KFAS was a radio station on 1260 kHz in Casa Grande, Arizona, United States, which operated from December 6, 1956, to at least November 1995. Its FCC license was canceled on February 9, 1997.

==History==
KPIN (call letters standing for Pinal County) signed on December 6, 1956, as the first radio station in Casa Grande. It broadcast with 1,000 watts during the day on 1260 kHz and was owned by the ABC Service Company, named for its three proprietors: E. Glenn Abercrombie, Milton F. Brown, Jr., and N. L. Caperton. Within six months of signing on, ABC Service Company sold the station to John W. Parham and David A. Garee, who promptly exited the partnership. In 1966, Casa Grande Broadcasting bought the station; by the time of its sale to KPIN, Inc. at the end of 1970, it held an affiliation with the Mutual Broadcasting System. In 1973, an application was made by new owner Santa Cruz Valley Communication Systems for an FM partner on 105.5 MHz; Brett F. Eisele filed a mutually exclusive application and won the frequency, which signed on as KBFE in 1976.

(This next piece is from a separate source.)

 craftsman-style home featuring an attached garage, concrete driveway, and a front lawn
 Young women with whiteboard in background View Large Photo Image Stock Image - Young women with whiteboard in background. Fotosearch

In 1989, a consortium of owners including Frank Sinatra bought the station, continuing a revolving door of owners. The call sign was changed to KFAS, and it was paired with KFAS-FM (the former KBFE) at 105.5 MHz, giving it the FM counterpart it had not been able to obtain 15 years prior. The call sign was derived from Sinatra's initials. KFAS broadcast country music, while KFAS-FM held an adult contemporary format. By 1990, KFAS had flipped to Spanish to fill a void created when station KXMK changed formats to classical music in a simulcast with Phoenix-area station KONC. Ultimately, the two stations began simulcasting again. However, the combo soon became embroiled in a buyout, lawsuits, and in 1992, a suit filed by the Associated Press which sought $28,158 in unpaid wire service bills.

In 1995, KFAS's FM counterpart (by now known as KKER), which had upgraded its facilities in order to become a rimshot into Phoenix, was bought by McDaniel and Callaham and began broadcasting the K-LOVE network, changing its calls to KLVA and later being sold directly to the Educational Media Foundation. One last go was made of 1260 AM late in 1995, when it returned to the air after an absence of more than two years and bearing a country format. It also sought to use the KKER call sign that had been used by 105.5 FM. This final incarnation of the station was short-lived, disappearing quickly, and the license was canceled in February 1997 for failure to transmit in a 12-month period under Section 312(g) of the Communications Act.

In May 2010, 1260 AM returned to Pinal County when KBSZ relocated from Wickenburg to Apache Junction, moving from 1250 kHz.